Editor’s note: This past fall Spacing Ottawa contributor Adam Bentley moved to Edmonton to take up a position with the provincial government. Adam was well-known in Spacing Ottawa circles as the creative mind behind concepts such as Ottawa’s Transit Map Of The Future and the inter-city Urban Gondola.
Adam has had several months to form some impressions of his new home, and he recently posted the following piece to The Charette, Edmonton’s planning and design blog. It is cross-posted here with the author’s permission.
I remember one of the first things I noticed when I moved to Edmonton this past fall was a local interpretation written on a bench of the Van Morrison quote that said “Edmonton. Don’t like it? Get the fuck out”. That comment encapsulated the initial conversations I had with Edmontonians of various political and cultural stripes about urban planning in the city. Edmonton is what it is. Edmonton is not meant to look good or sound exciting. Its purpose is to provide the basic necessities for the individual to prosper—at least financially. However as I learned more about my new home city, I realized Edmonton is a breeding ground for progressive ideas about ecologically sustainable living. As a new resident and urban planner, I would like to share with you my initial observations and suggestions about Edmonton’s land use patterns, built form, and transportation infrastructure. These observations are not based on much background research. I apologize in advance if I pass judgment without knowing the context.
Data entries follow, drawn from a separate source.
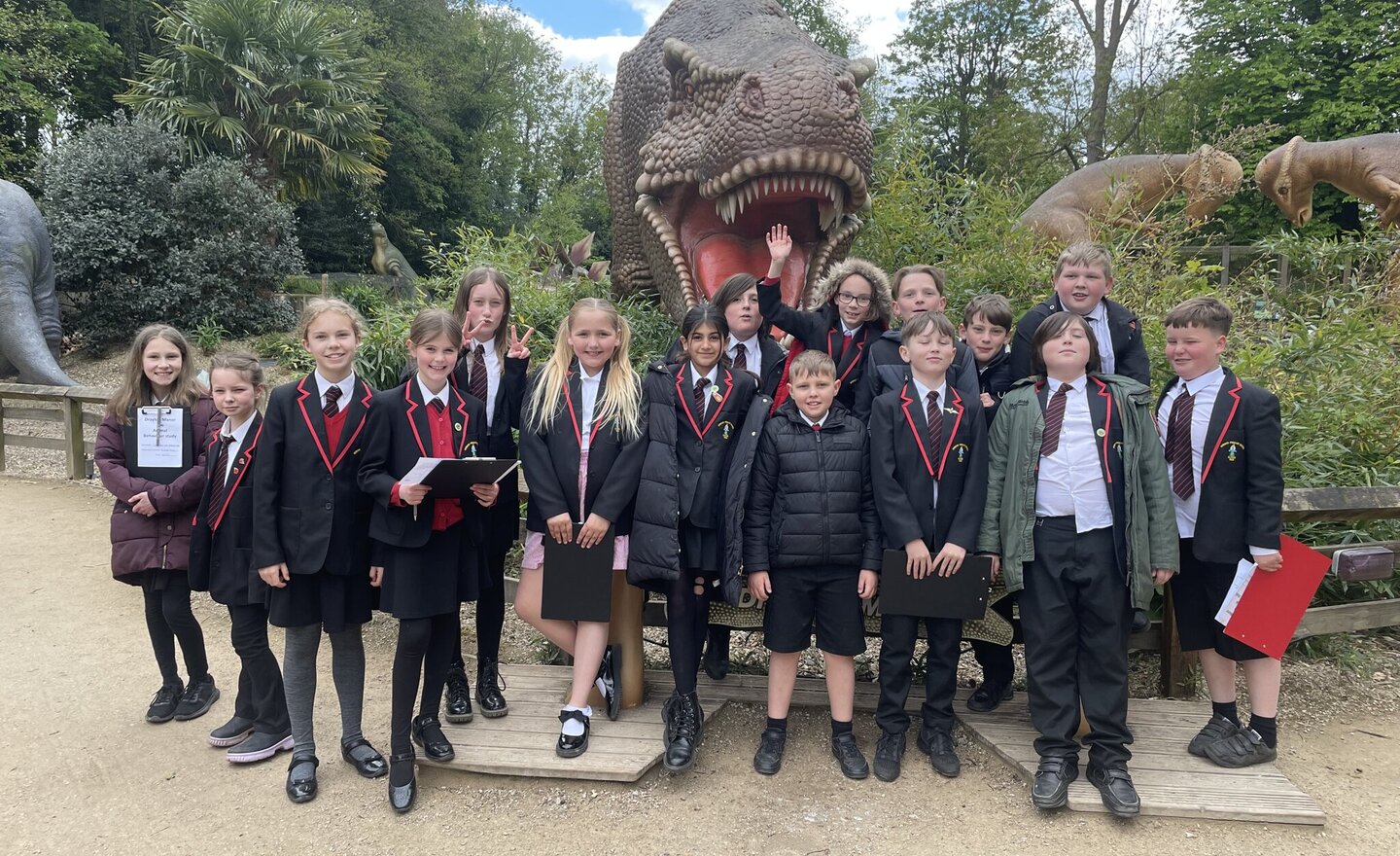 Image of Class 3 Drayton Manor Science trip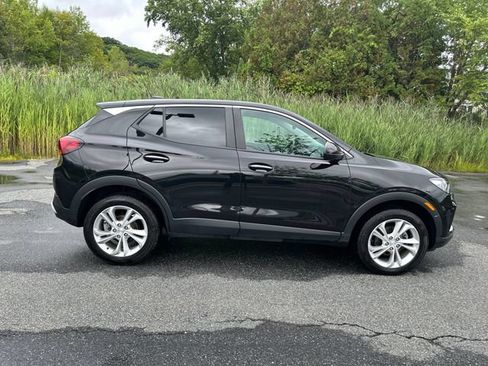 Used 2023 Buick Encore GX Preferred w/ Cold Weather Comfort Package AWD/4WD image 6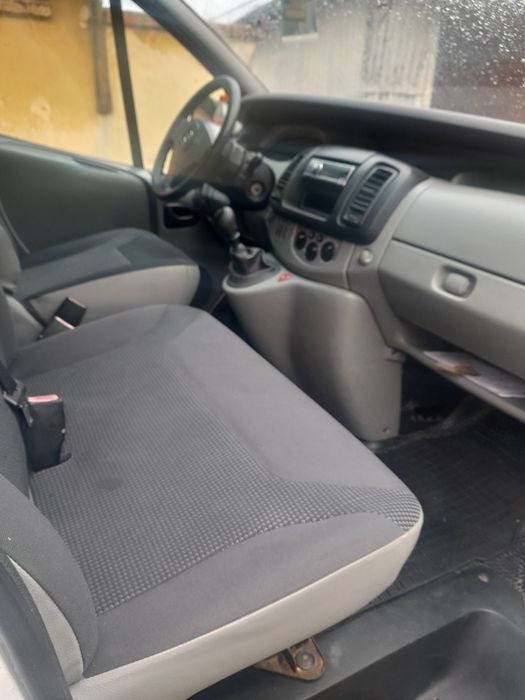 Opel Vivaro 9locuri motor 2.0 înmatriculata 2010.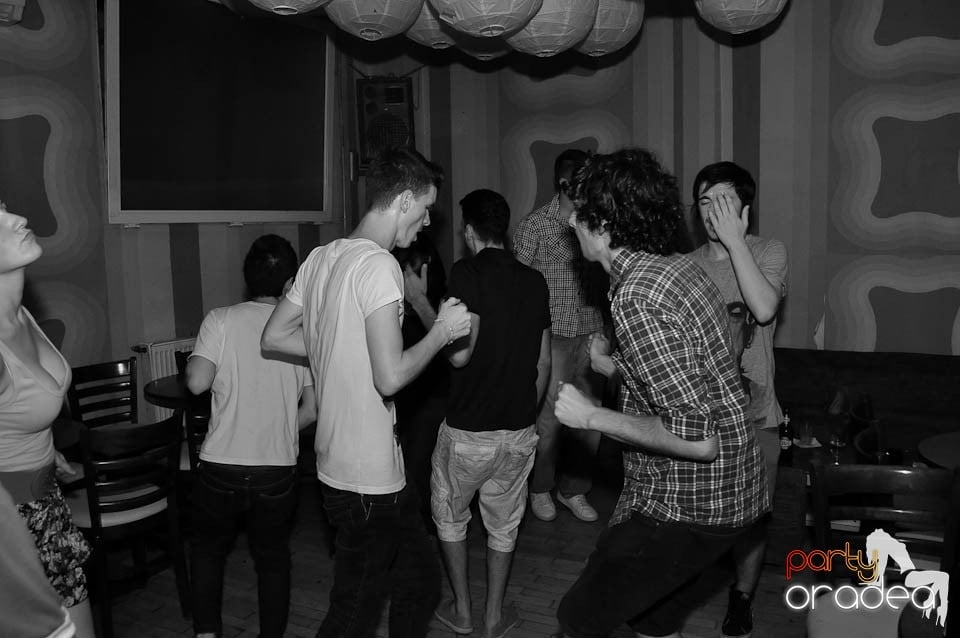 Party în Juice, Juice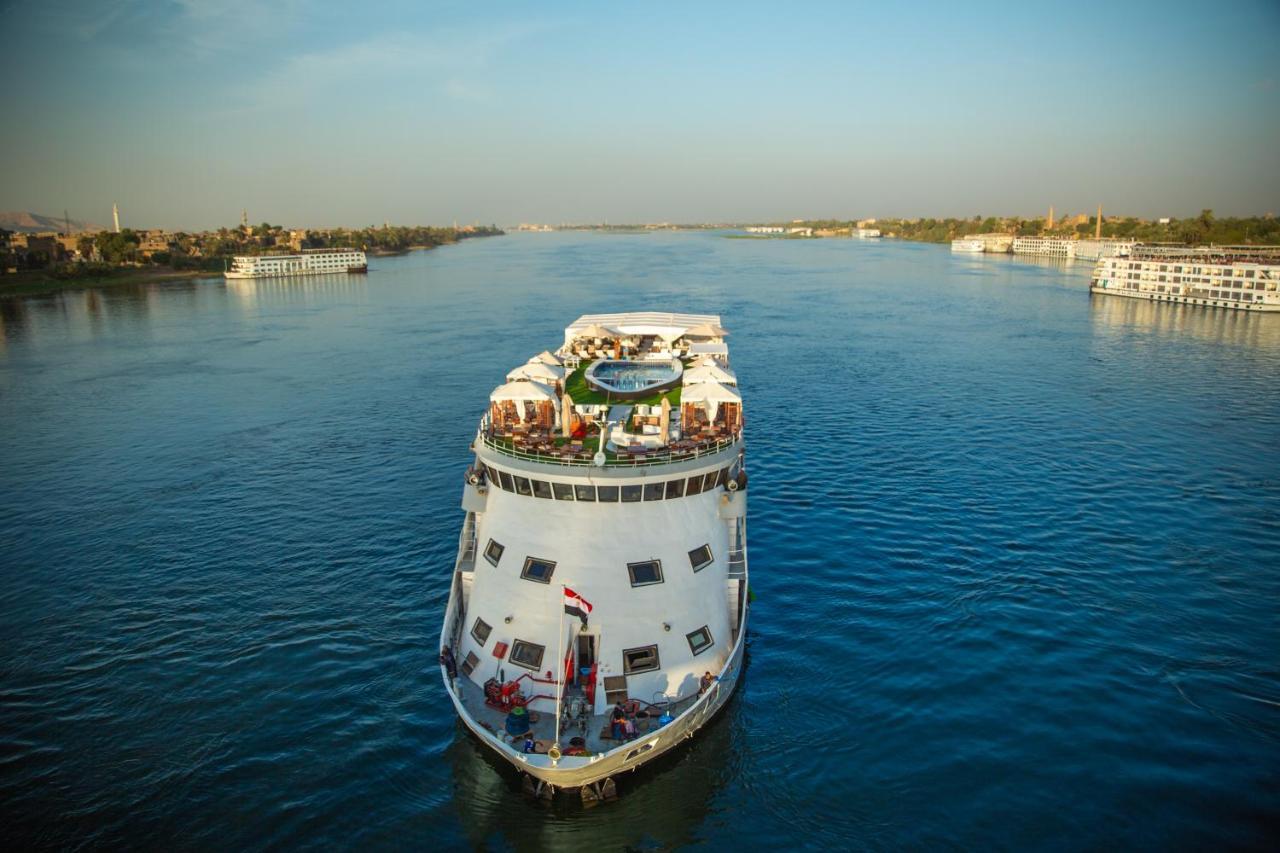 Champollion II 5 Stars Nile Cruise Hotel Luxor Exterior photo
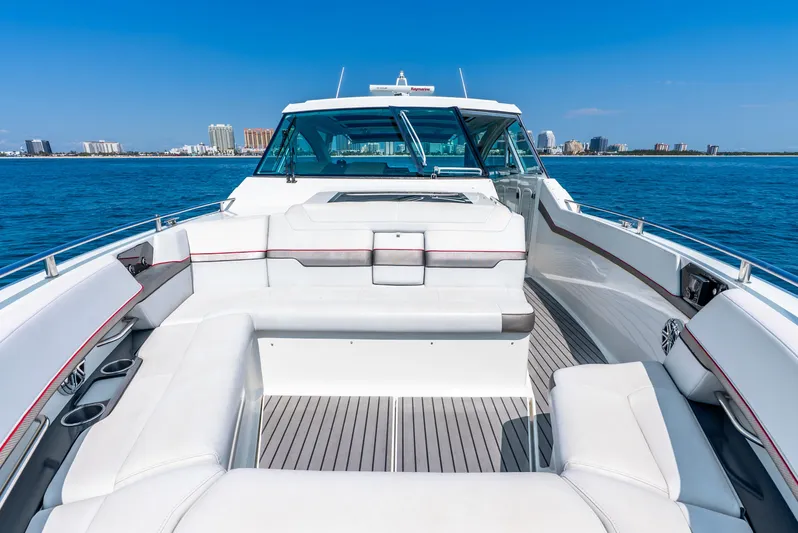  Yacht Photos Pics 2017 Formula 430 All Sport Crossover boat on open water, featuring spacious seating.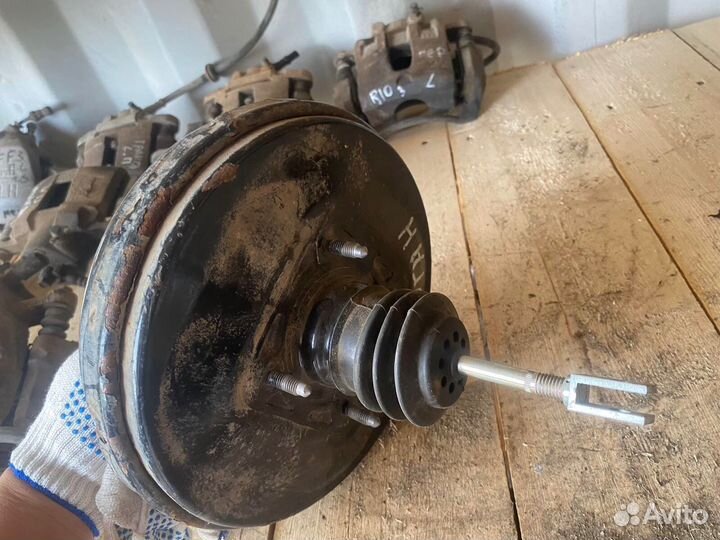 Вакуумный усилитель тормозов Renault Logan 1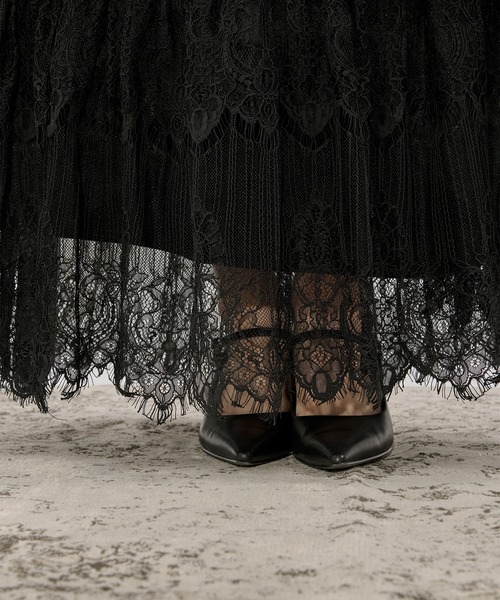 Ezick(エジック)の「lace tiered velour skirt レースベロアスカート(スカート・レディース・ブラック/チャコールグレー・FREE)」の12枚目の写真
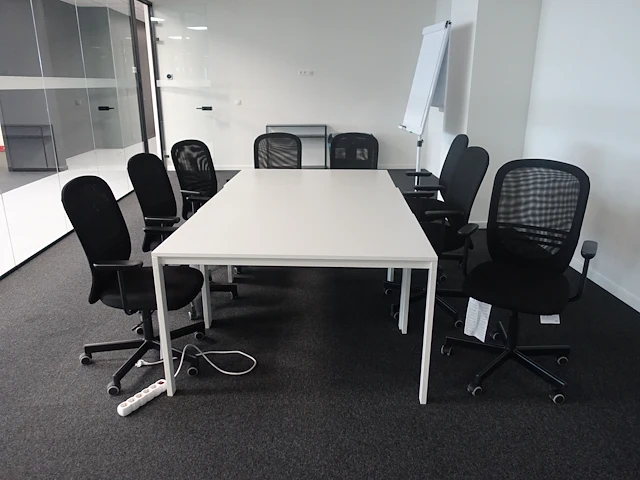 Inhoud bureauruimte - afbeelding 3 van  5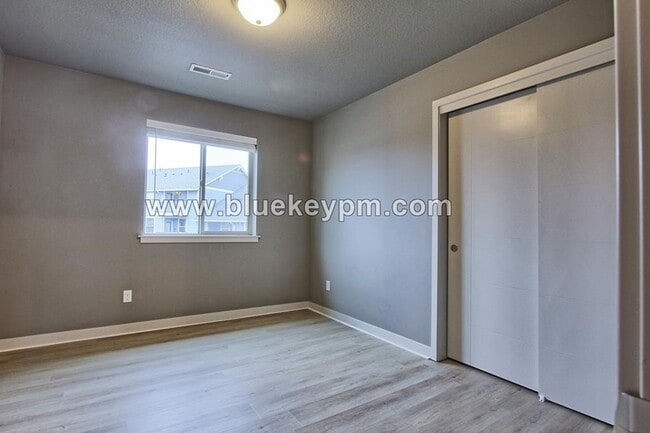 Building Photo - 3 Bed, 2.5 Bath Townhome in Orchards by Pr...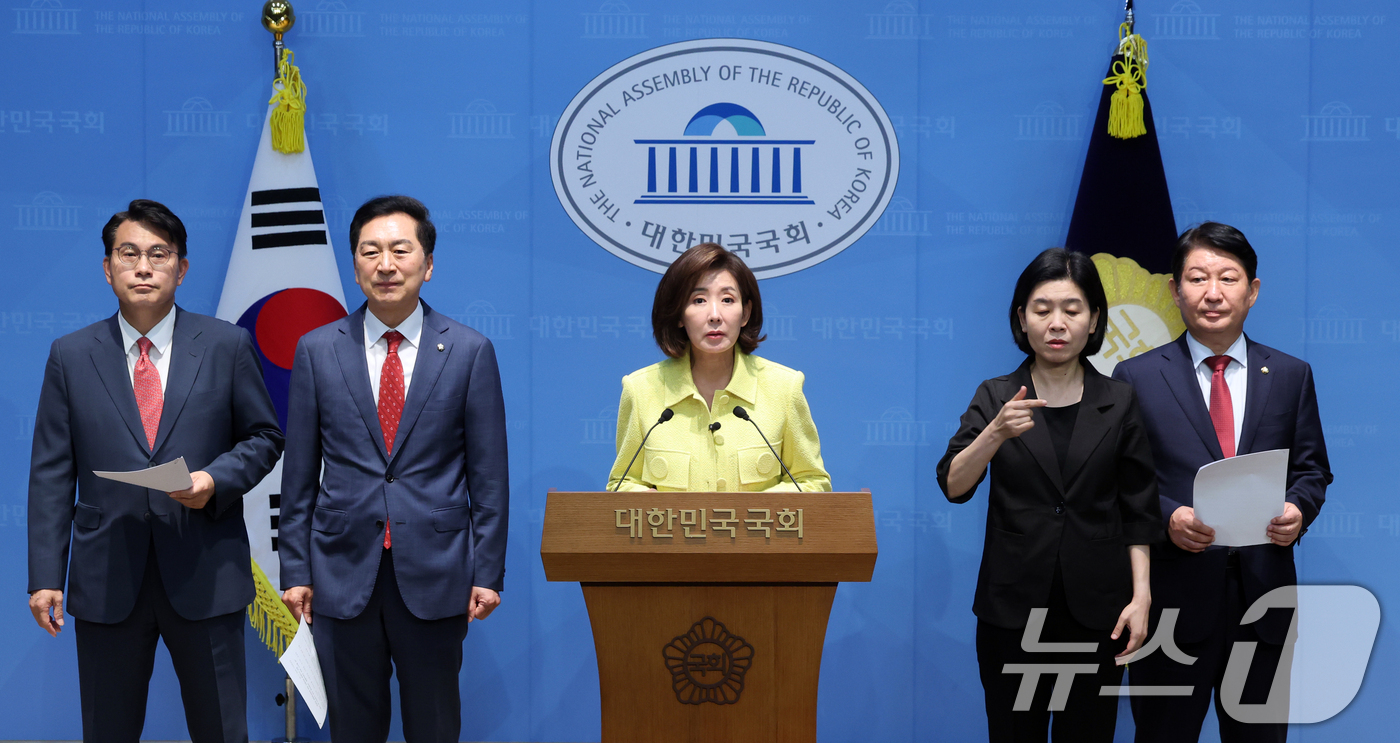 (서울=뉴스1) 황기선 기자 = 국민의힘 윤상현(왼쪽부터), 김기현, 나경원, 권영진 의원이 1일 오전 서울 여의도 국회 소통관에서 ‘권창영 종합특검팀의 야당 국회의원 탄압수사 규 …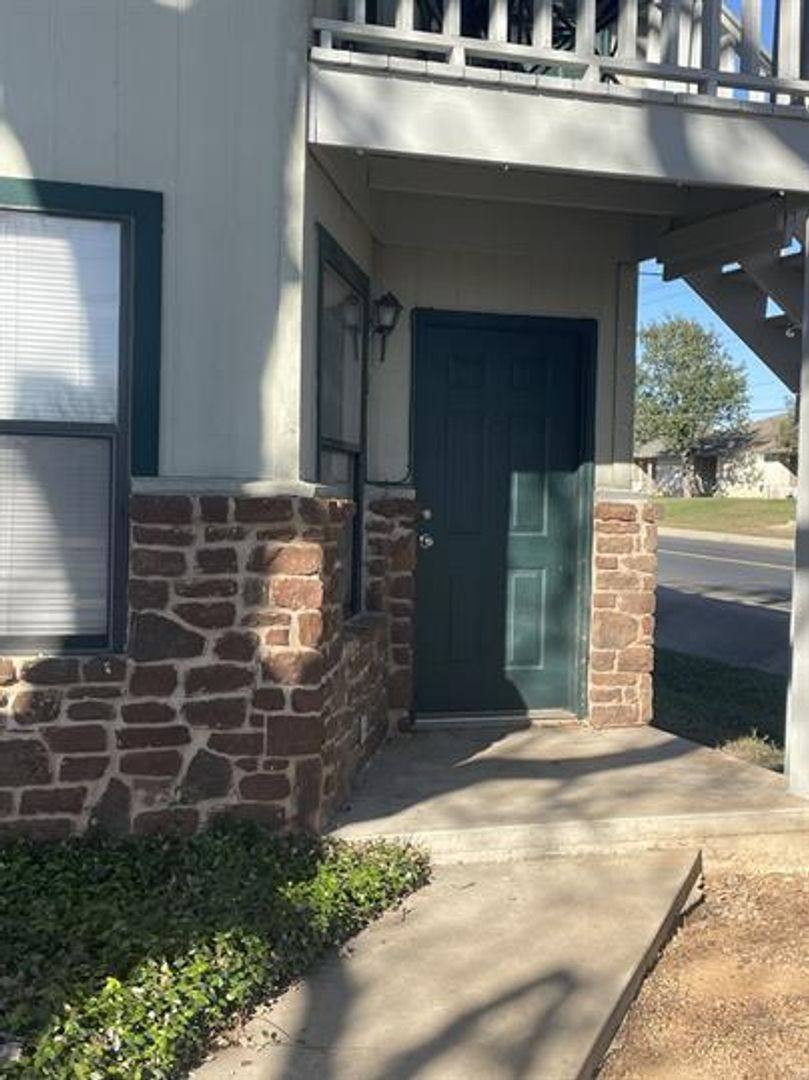 Apartment for rent at 298 Friendship Lane Building #7, Fredericksburg, TX 78624
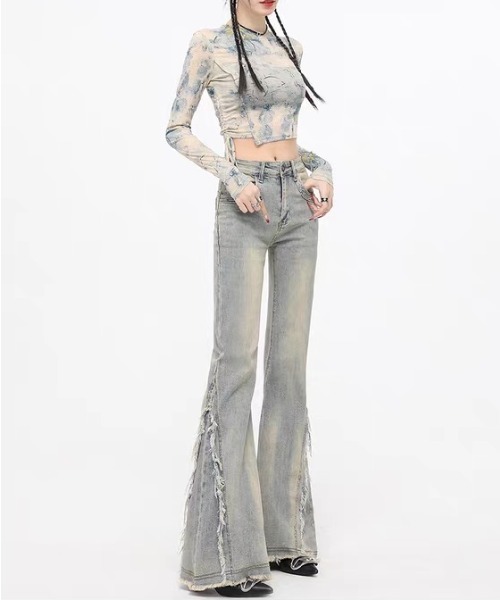 gossip!ロサンゼルス(ゴシップロサンゼルス)の「ヴィンテージハイウエストフリンジアクセント ストレッチフレアデニムパンツ(デニムパンツ・レディース・ライトブルー・S/M/XS/L)」の4枚目の写真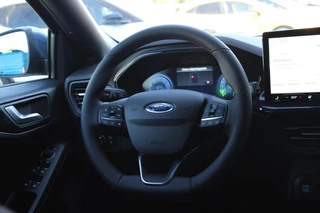 Ford Focus Ford Focus Wagon 1.0 EcoBoost Hybrid ST Line X 125pk | Winterpack | Driver Assistance pack | 18 inch Licht metaal | Incl 2.500,- Ford Voordeel - afbeelding nr 14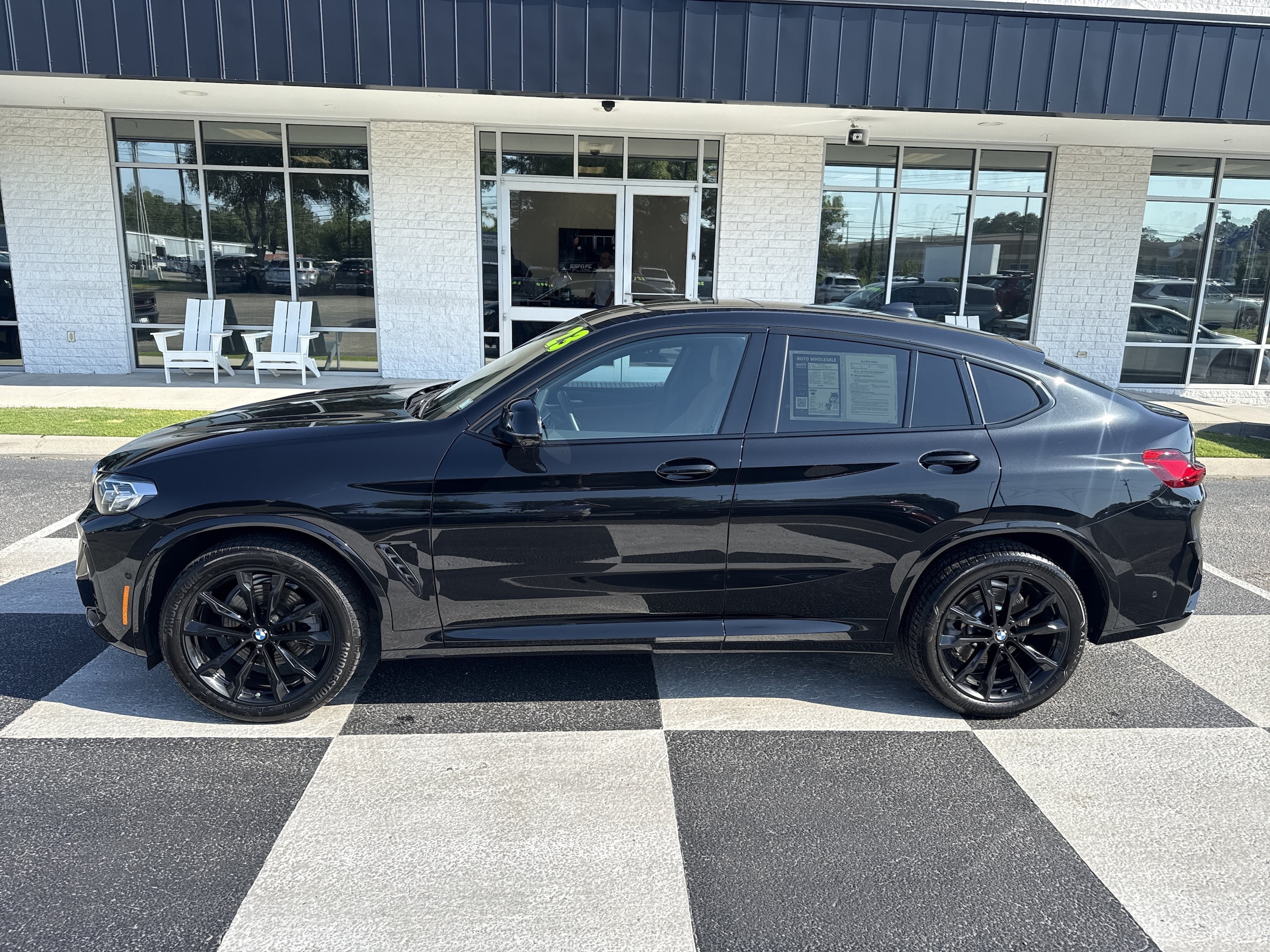 2023 BMW X4 xDrive30i's photo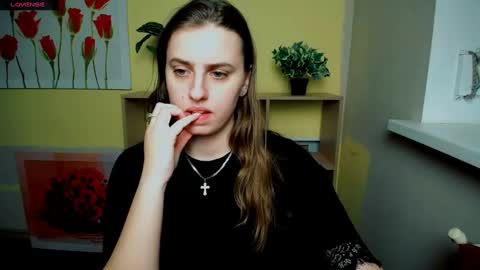 Snapshot of mariatess_ chatting on 7, 2, 2025 Mariia online show from 7, 2, 2025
As much as I’m impressed that Edmonton is a world leader in waste management, sadly, this efficient use of resources does not extend to land. Even though the City is about to proceed with its seemingly-radical redevelopment of the City Centre airport, relative to other Canadian cities I’ve visited, most of Edmonton’s lots are BIG and WIDE and very SPREAD OUT! The front and back yards are HUGE! City politicians approve new subdivisions light years away from downtown! I hope that as progressive planning practices become more common here, Edmonton’s lots will become narrower and shallower, and front-yard setbacks will be all but eliminated. The reductions in private green space would be replaced with high quality public parks and gathering spaces. I also hope that legislation similar to Ontario’s Places to Grow Act is implemented in Alberta to stop Edmonton’s sprawl no further than Anthony Henday Drive (though expensive gasoline may do to urban sprawl what a government might not be able to do).
While Edmonton’s built form seems to be generally limited to stucco bungalows and low-rise apartments, I see potential for new infill projects along back lanes. These humble corridors form a complete, alternative street network right in the city and will be the new frontier of residential and commercial intensification. I can imagine hundreds of thousands of people living in laneway housing and apartments as demand increases for small-scale living in urban areas and former streetcar suburbs. Other types of housing I’d like to see more of in Edmonton are row and semi-detached housing in both urban and suburban areas. As much as Edmonton’s roads are incredibly wide (lots of space to add bike and bus lanes), I also like the fact that all your streets are lined with a row of trees and a sidewalk on both sides forming a shaded canopy in the summer and letting through what little light exists in winter.
I am not impressed with Edmontonians’ insane addiction to their cars but am very impressed with the City’s commitment to correct this problem. I noticed the contra-flow bike lanes and plans for creating an accessible LRT network with low-floor boarding and frequent stops. I hope to see a bike-sharing network, a car-sharing network, and separated urban bike routes within a few years from now because active transportation (public transit, by bike, on foot, in a wheelchair) is an essential, efficient, and affordable transport philosophy for the 21st Century. I also hope to see the vast parking lots of the nightmare that is South Edmonton Common replaced with pedestrian-oriented, dense residential development. Finally, why is there a massive interchange in the middle of the fantastic river valley (next to the Muttart Conservatory)? That thing should go too!
From my initial observations, Edmonton has made some very bad planning mistakes but also some good decisions too. The city seems to be in the early stages of embracing the ecologically sustainable, resource-efficient lifestyle becoming popular worldwide that helps residents prosper with limited personal resources. Based on Toronto’s experience, this trend will accelerate as the suburbs are vacated by both young and old people fleeing the high cost of driving and home maintenance costs in favour of the city centre. I think that bench should read “Edmonton: Good things are coming. Stay the fuck here!”